TASK INSTRUCTIONS:
What is needed is a word-for-word transcript of the listing, free of pictures.
[Opening STORED DATA section]
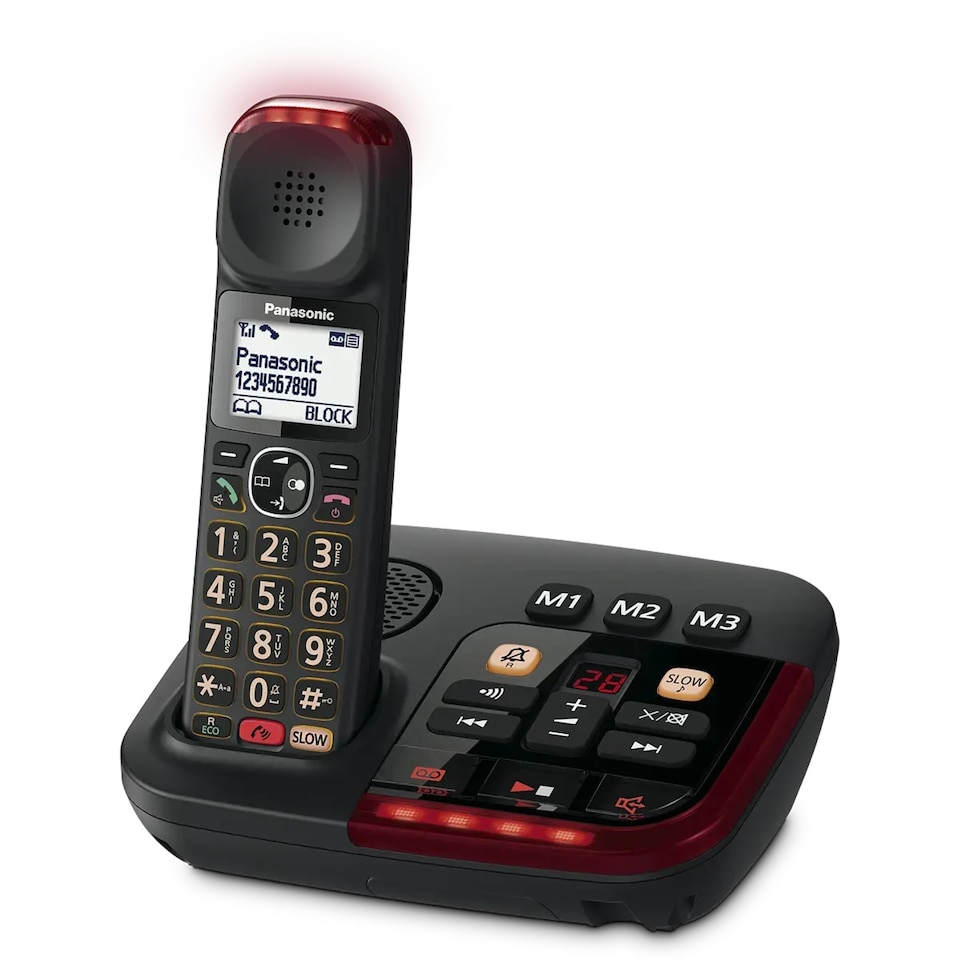 image 1 of Panasonic KX TGM420EB Amplified Digital Cordless Phone with Answering Machine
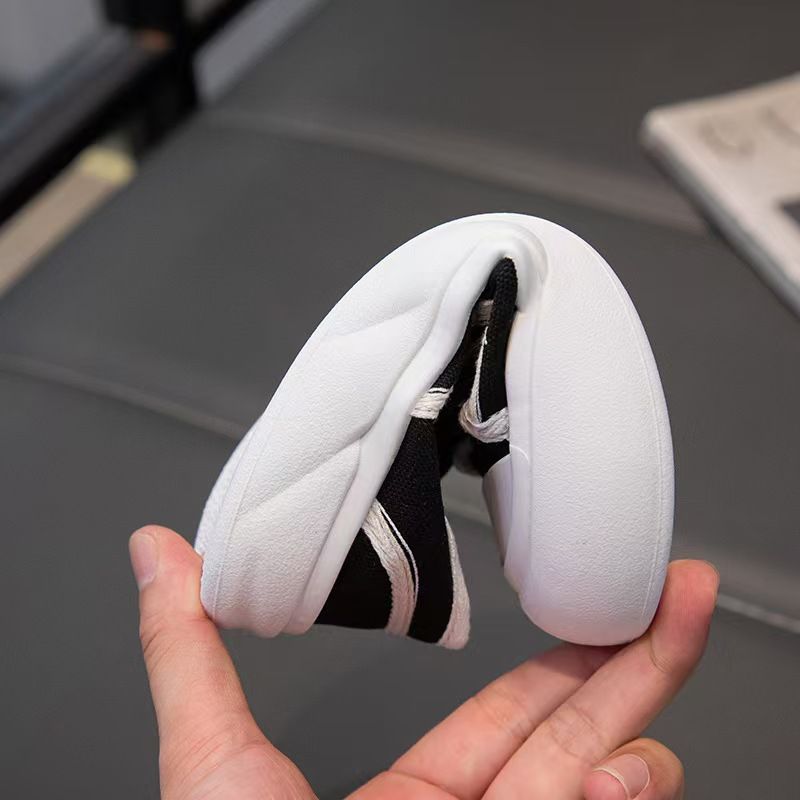 Kids' Tweed & Canvas Sneakers - Breathable Low-Top Casual Shoes, Soft Sole Hook-and-Loop Sneakers for Boys & Girls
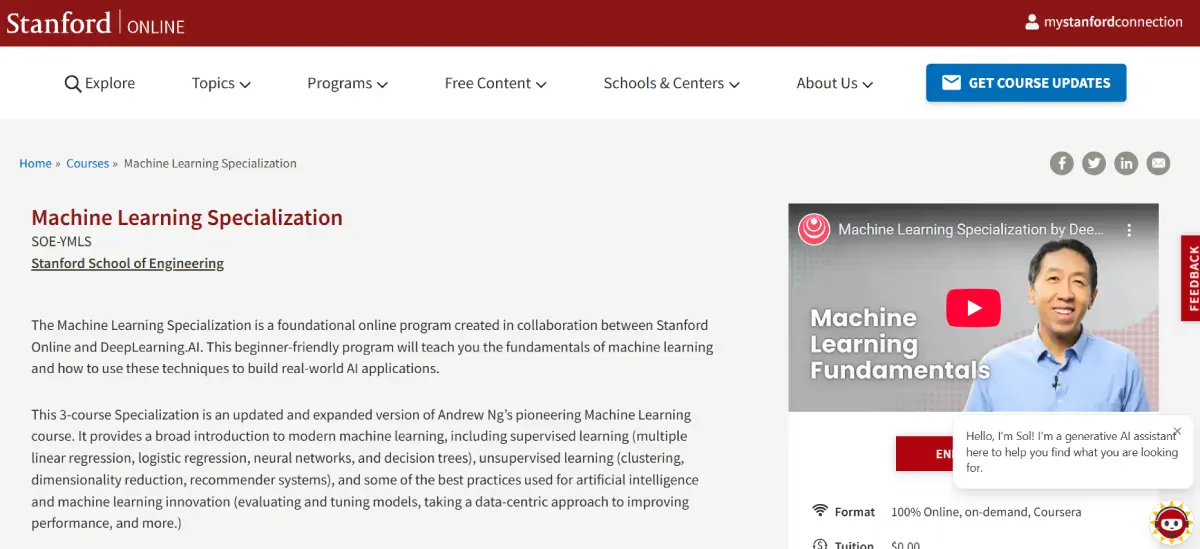 Machine Learning Specialization certificate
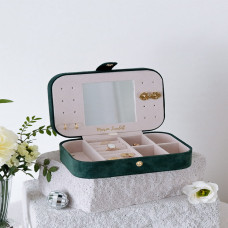 Scarlett Brigitte Maison Green Velvet Travel Jewelry Box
[Closing STORED DATA section]
TASK RESPONSE:
 image 1 of Panasonic KX TGM420EB Amplified Digital Cordless Phone with Answering Machine
 Kids' Tweed & Canvas Sneakers - Breathable Low-Top Casual Shoes, Soft Sole Hook-and-Loop Sneakers for Boys & Girls
 Machine Learning Specialization certificate
 Scarlett Brigitte Maison Green Velvet Travel Jewelry Box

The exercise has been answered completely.